Sentarnos a tomar aquellos mates tan largamente prometidos en innumerables mensajes de correo electrónico no sería prudente. Sólo cuando pase el fin del mundo saldremos a visitar a los amigos, pero el problema es que, cuando pase el fin del mundo, el tiempo volverá a escasearnos. Ese tiempo que ahora sobra y se derrama, se instala y se aposenta entre las cuatro paredes que nos rodean y que ahora son lo único que hay.
Y la radio, Internet y los diarios repiten siempre las mismas noticias: gripe, muertos, niebla, accidentes, muertes, nuevo golpe de estado latinoamericano, más muertes. Pero no es la actualidad que conocíamos, se ha adelgazado. Aparte de la muerte y de la niebla nadie nos llama, nadie nos atiborra más de novedades. La redacción del diario está tranquila. Hay tiempo para comer galletitas, para tomar café. Hay tiempo para pensar qué vamos a hacer ahora con todo este tiempo que de pronto nos invade.
Qué vamos a hacer con tanto tiempo disponible si no hay cines ni teatros, ni inauguraciones ni cursos de nada.

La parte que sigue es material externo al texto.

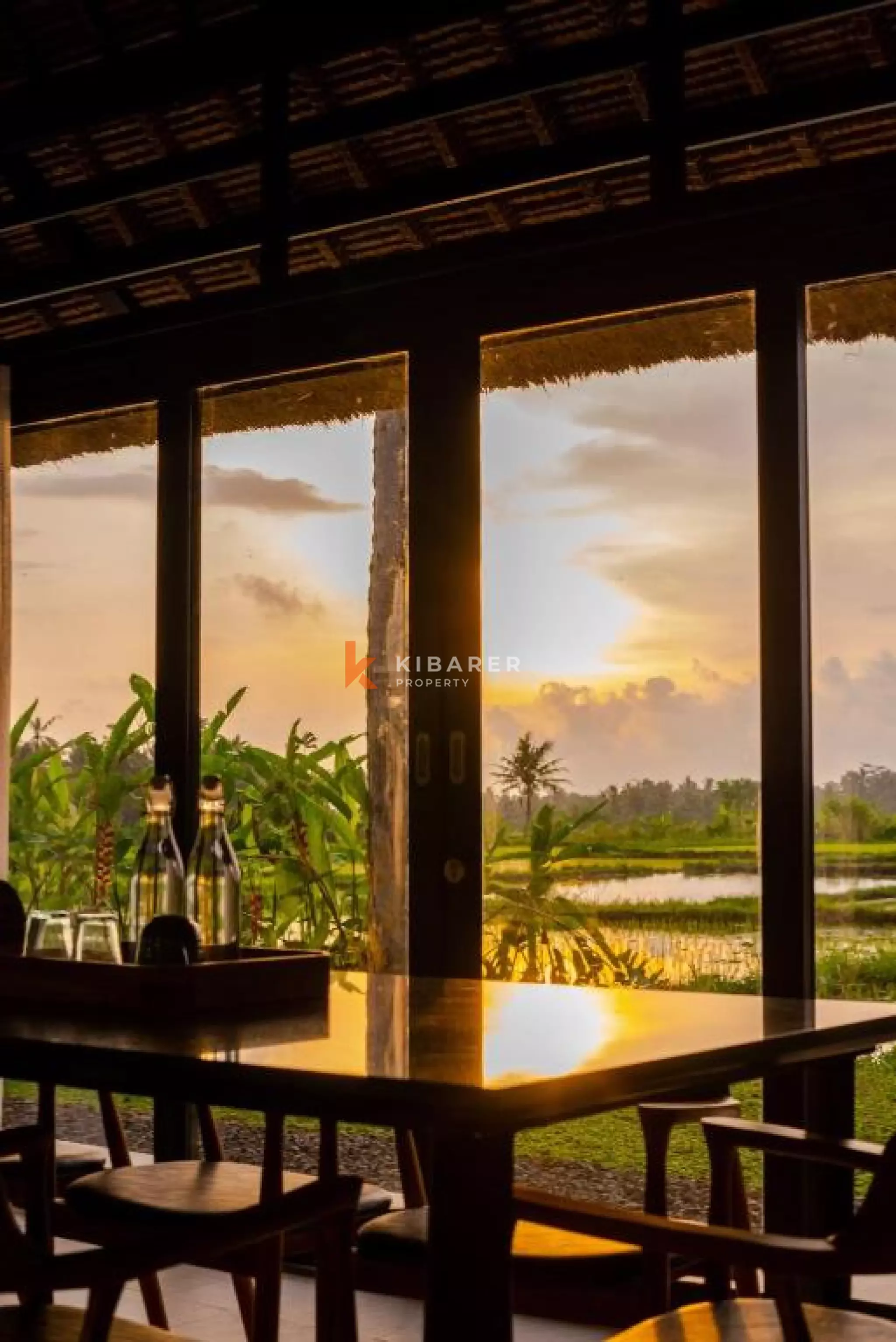 Modern Living in Nature Four Bedroom Villa in Ubud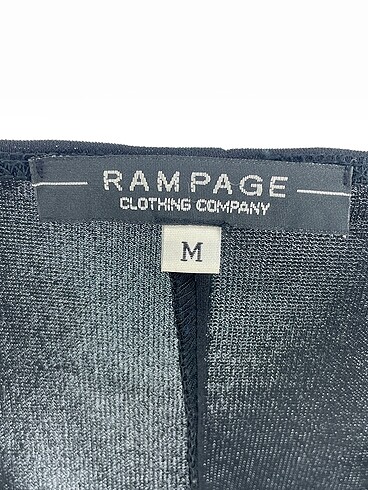 m Beden siyah Renk Rampage Uzun Tulum %70 İndirimli.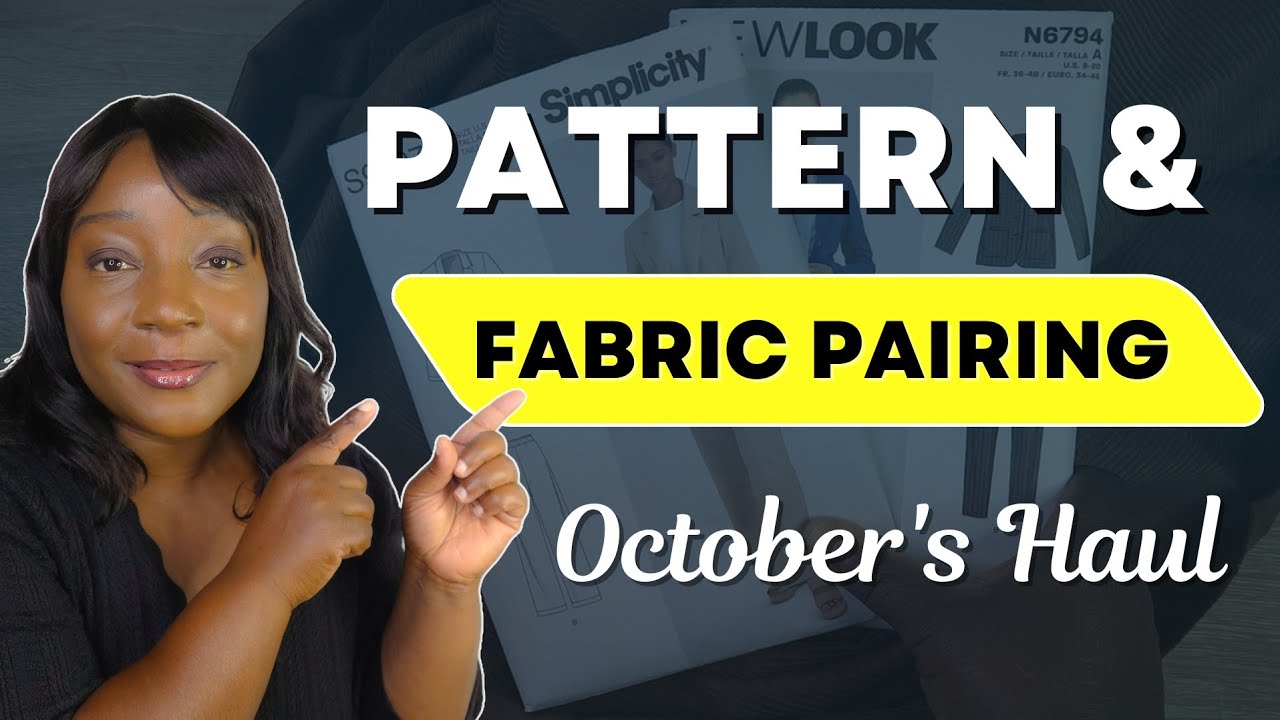 Pattern Fabric HAUL & Pairing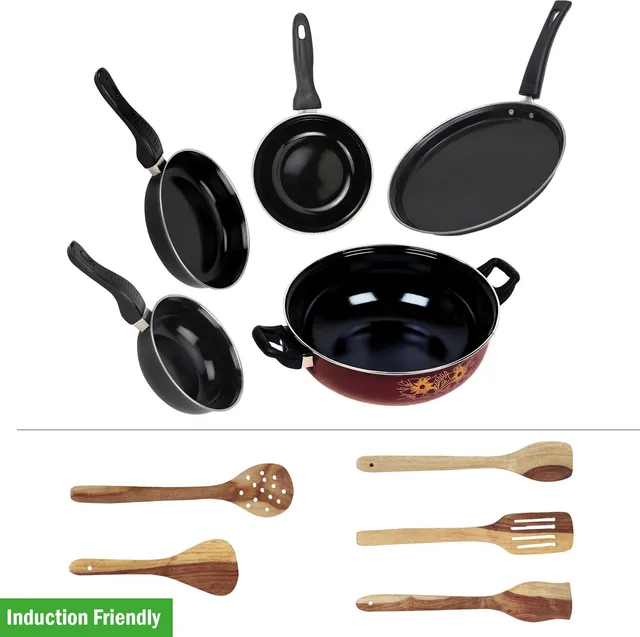 MY STORE Milo Induction Bottom Cookware Set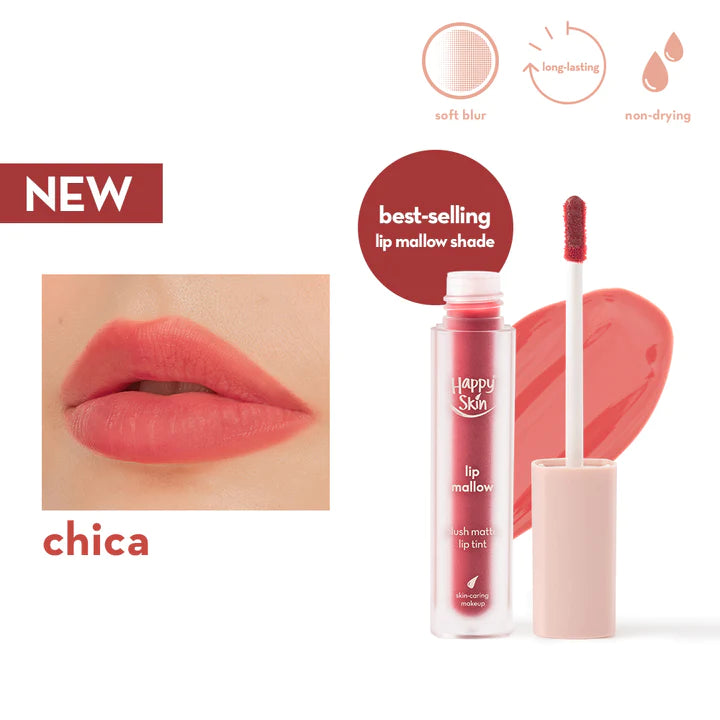 Happy Skin Lip Mallow Tint in Chica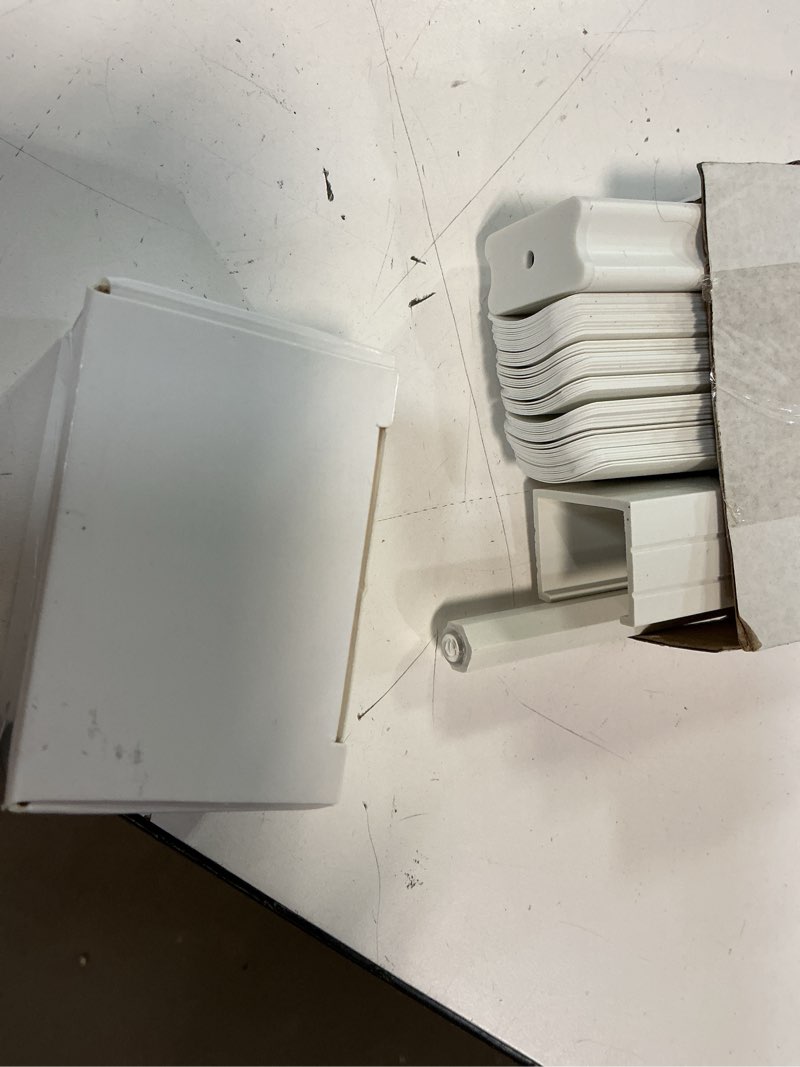 Condition photo showing Good Condition for Cordless 1 Inch Window Blinds, Mirrotek Cordless Blinds Light Filtering Mini Blinds 30 x 64 30"W x 64"H White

Qué vamos a hacer sin la culpa que nos agarraba cuando nos quedábamos en casa, ahora que el gobierno nos dice que nos quedemos en casa.
¿Mirar las noticias?
¿Qué noticias?
La gente que mata la gripe A.
La gente que mató la triple A.
Los muertos por la niebla.
Los perdidos en la niebla.
Newell's.
Central.
Pero la noticia que nadie nos cuenta es esta: el tiempo se expande. Tomen nota, muchachos, el universo mismo está transformándose. La gripe A es sólo una cortina de humo. Detrás de ella nos acecha la realidad metafísica de una sobreabundancia de tiempo: tiempo de sobra, tiempo multiplicándose.
Tiempo para poder hacer al fin las mil cosas que teníamos ganas de hacer y que de todos modos no haremos porque todo está cerrado.
Tiempo para ser amables: ahora que hay más tiempo, hay mucha más amabilidad en el correo electrónico, en los bares, en los taxis, hasta en los chats. Nadie tiene apuro. Todo tiende a demorarse. Los desconocidos tienden a ponerse a conversar entre sí pero después desaparecen de pronto, por el miedo al contagio.
O será que nos seduce y nos captura esta vasta playa de tiempo inútil, de tiempo sin nada. Vuelve a haber tiempo para escribir sobre la nada.
Ahora hay tiempo hasta para la soledad.
Pero cuando pase el fin del mundo, saldremos.
Y olvidaremos este extraño milagro, no exento de crueldad.